Allen & Overy litigator Joanna Hughes, author of a recent book on expert witnesses, provided a catalogue of examples of blunders by what she describes as “nightmare experts”.
Hughes said the areas in which experts cause the “most nightmares” during litigation relate to their lack of awareness of their overriding duty to the courts, causing delay and problems with their fees.
In Pearce v Ove Arup and Ors last November, the judge found the expert evidence was so biased and irrational that the expert had failed in his duty to the court.
In copyright case SPE International in May this year, Hughes refers to the judge's conclusion that the expert had “no relevant experience”, no notes of instructions from clients and sought information for his report but failed to keep copies of what he was sent.

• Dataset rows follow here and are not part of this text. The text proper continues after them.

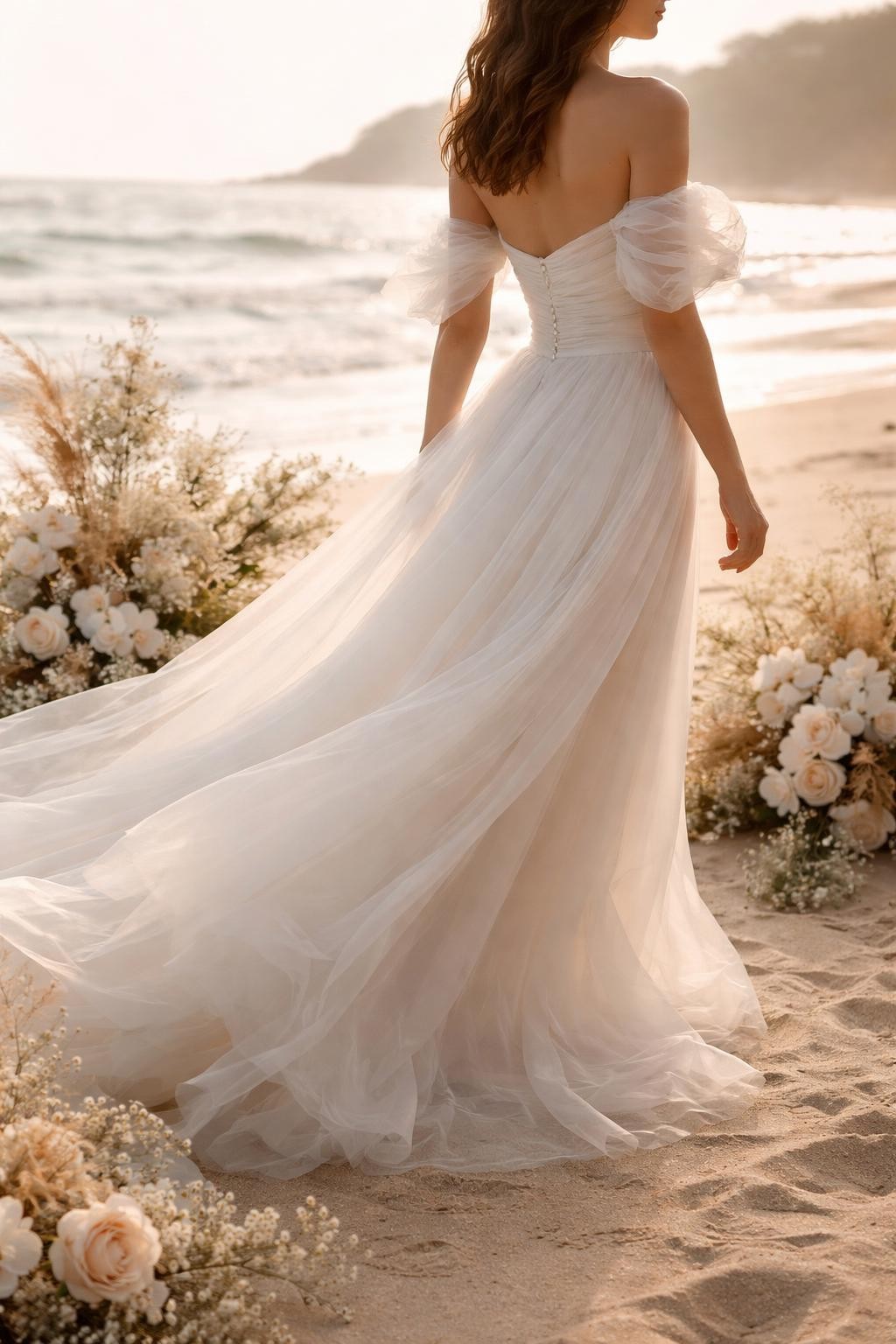 Image Prompt: A professional bridal editorial photo of an off-shoulder organza beach wedding gown near the ocean, styled with soft coastal flowers and natural light. Show the bride from the shoulders down or from a side-back angle with the face hidden. The dress has an off-shoulder neckline, airy organza sleeves or folds, fitted bodice, and light flowing skirt. Use warm beach light, realistic organza texture, graceful movement, high-end wedding magazine styling, no visible face, no text, no watermark. (no watermarks on images)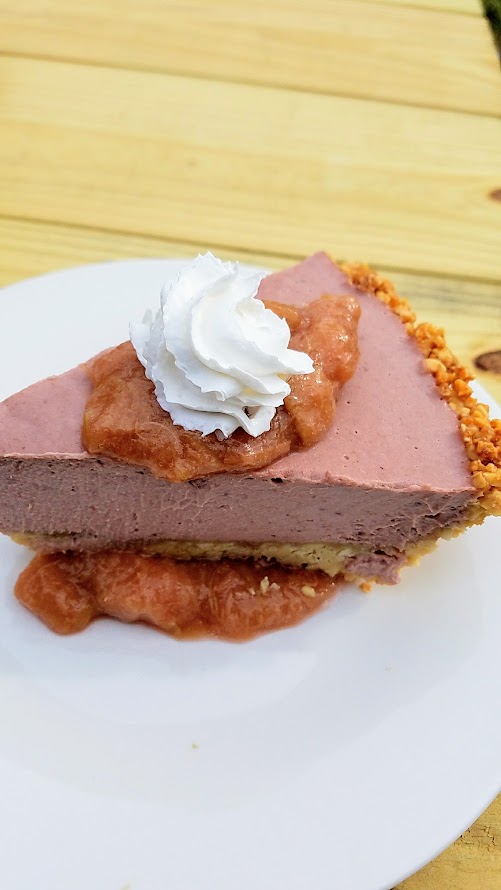 Of Roots and Blooms pops up every Wednesday at Bottles on Fremont and Sundays at Culmination Brewing offering rotating vegan delights. This Of Roots and Blooms vegan food example is their Vegan Strawberry Cheesecake with rhubarb sauce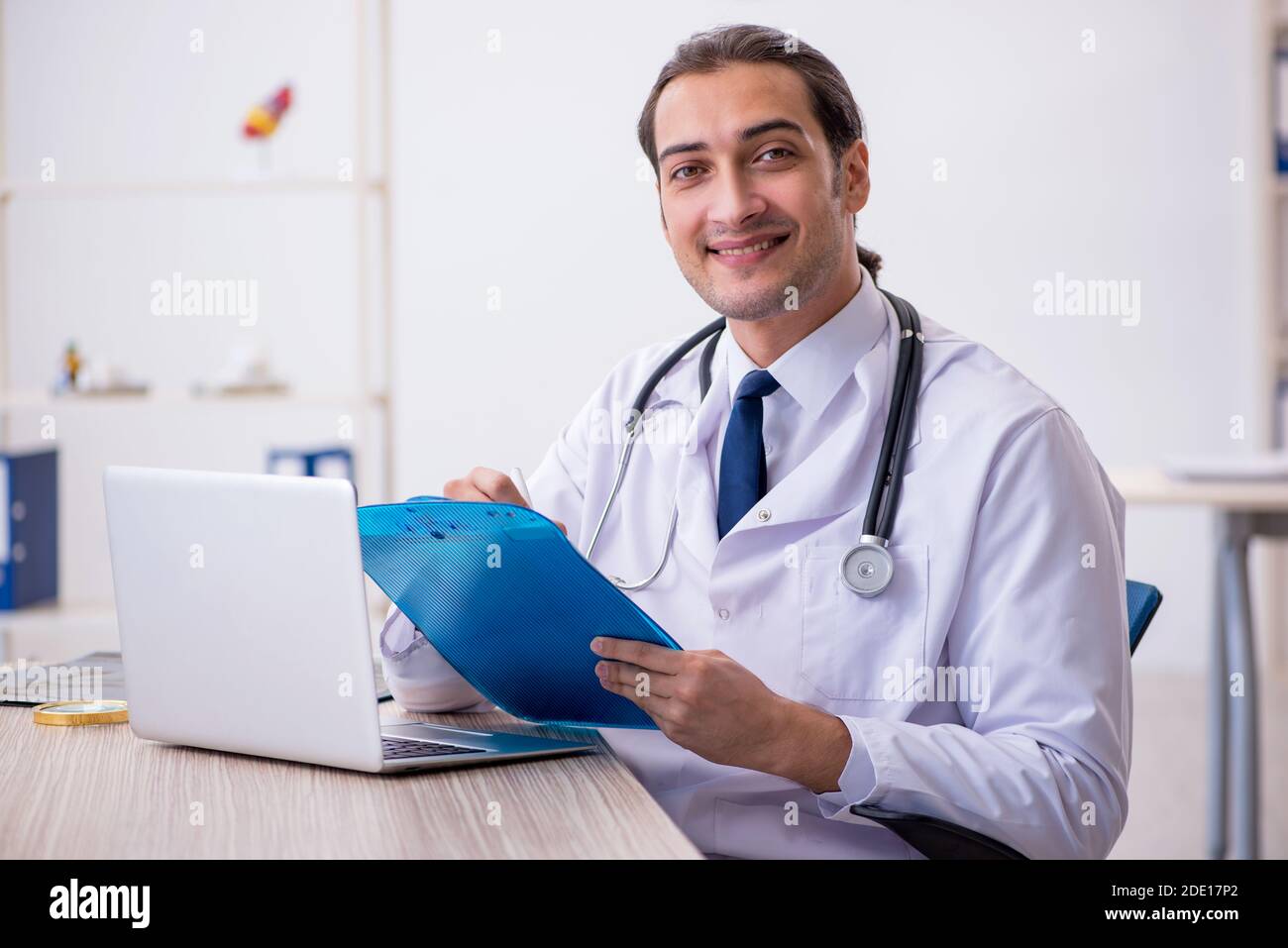 Young doctor taking notes at the hospital Stock Photo - Alamy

Most seriously, he displayed a complete lack of independence, as it emerged that he was a management consultant for SPE. Mr Justice Rimer, the judge in the case, said: “His evidence betrayed that he really regarded his primary role as being to present and defend SPE's case.” Also, the expert had not even heard of rules relating to experts' overriding duty to the court.

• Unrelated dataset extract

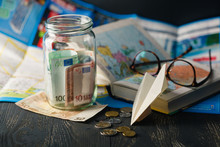 Jar With Money For A Travel, Airplane, Maps, Passport, And Other Stuff For Adventure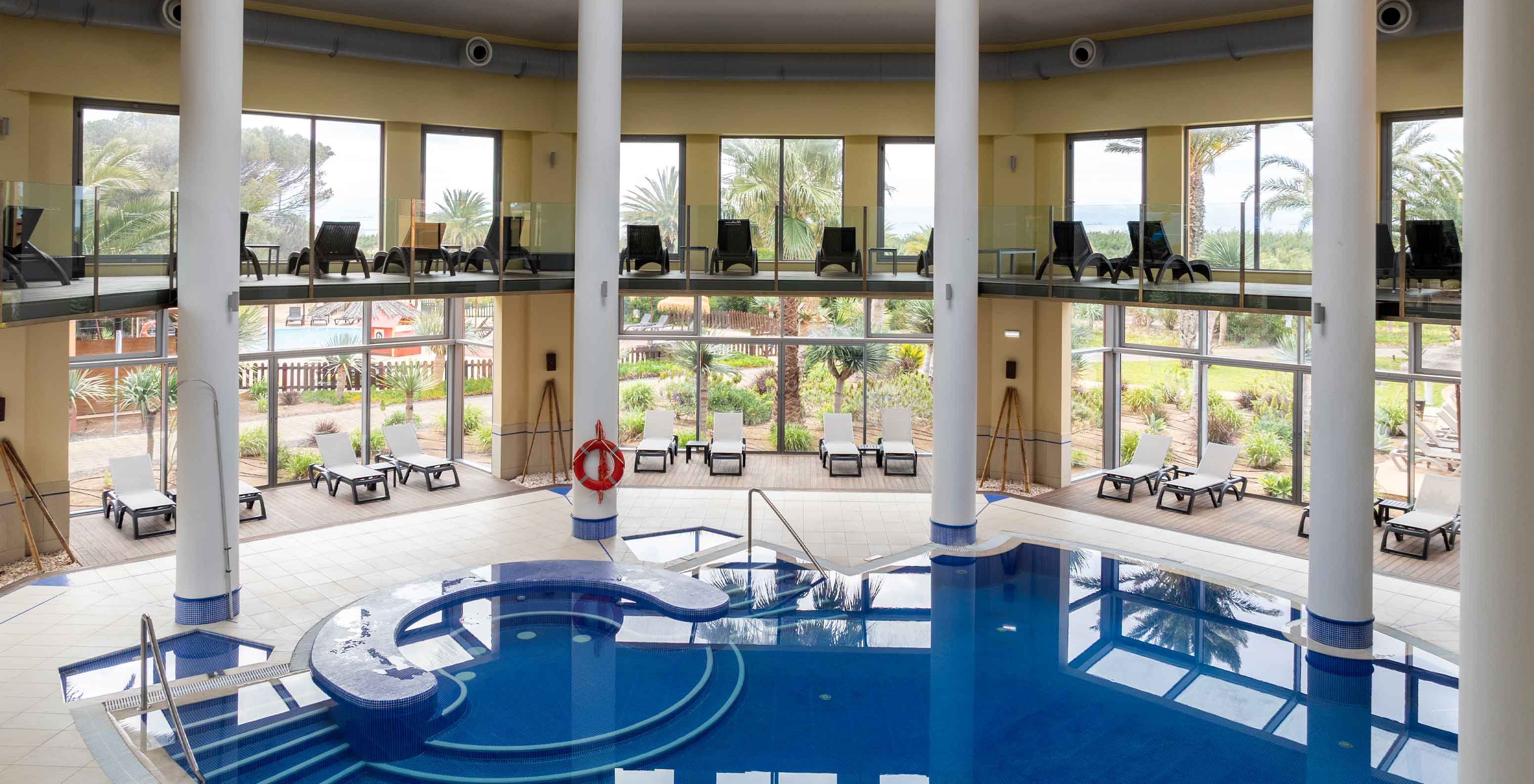 Large indoor pool at Pestana Porto Santo, with several sun loungers and a view of the garden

Two weeks ago, a party unsuccessfully appealed a decision by Mr Justice Laddie in the intellectual property case Cairnstones that the independent witness took the wrong approach and breached his duties.
In Baron v Lovell, an expert's report was rejected because it was served seven months late. Hughes said judges' most common cause for complaint is delay in the servicing of experts' reports.
Clive Freedman QC, a seasoned commercial barrister at Littleton Chambers, said: “There's always a danger that one-off experts, typically giving evidence in a commercial action, don't manage to fulfil those duties, and exceptionally are even not aware of the duties.”